Supplied information —
————

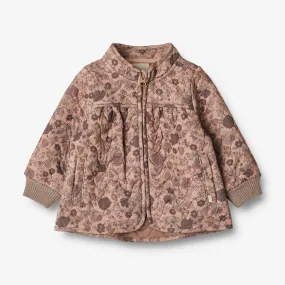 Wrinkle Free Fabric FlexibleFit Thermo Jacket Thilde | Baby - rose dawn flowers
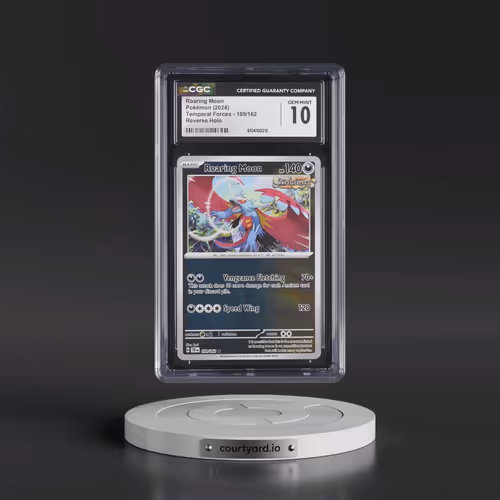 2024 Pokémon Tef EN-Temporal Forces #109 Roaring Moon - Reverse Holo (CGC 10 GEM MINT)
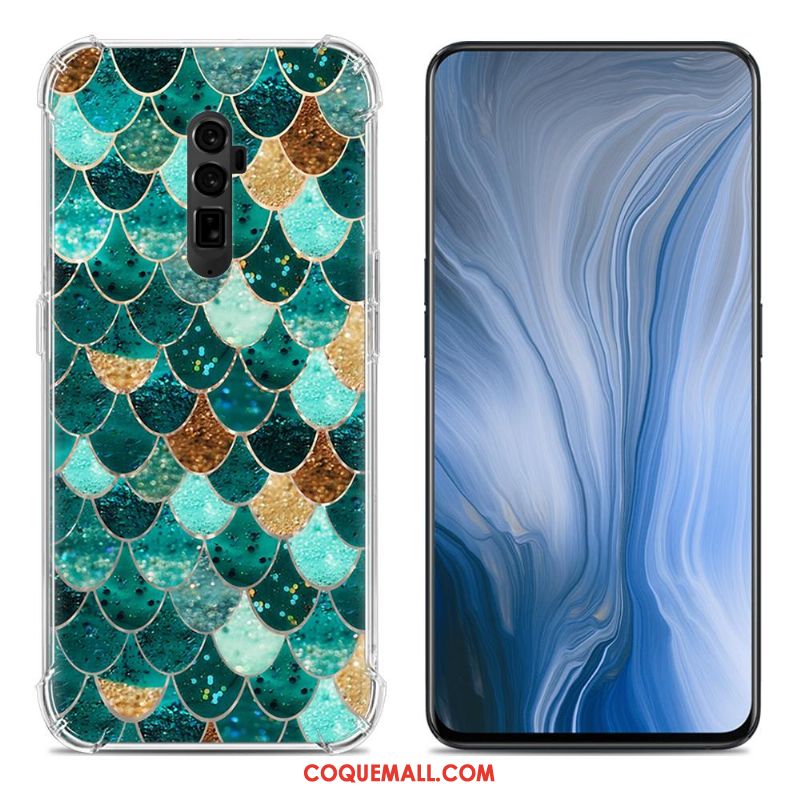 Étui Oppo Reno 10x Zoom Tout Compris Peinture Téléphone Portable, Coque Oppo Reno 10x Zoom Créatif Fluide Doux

————

About this exercise — Once the pictures are set aside, give the rest of the material again unchanged.

Answer space —
 Wrinkle Free Fabric FlexibleFit Thermo Jacket Thilde | Baby - rose dawn flowers
 2024 Pokémon Tef EN-Temporal Forces #109 Roaring Moon - Reverse Holo (CGC 10 GEM MINT)
 Étui Oppo Reno 10x Zoom Tout Compris Peinture Téléphone Portable, Coque Oppo Reno 10x Zoom Créatif Fluide Doux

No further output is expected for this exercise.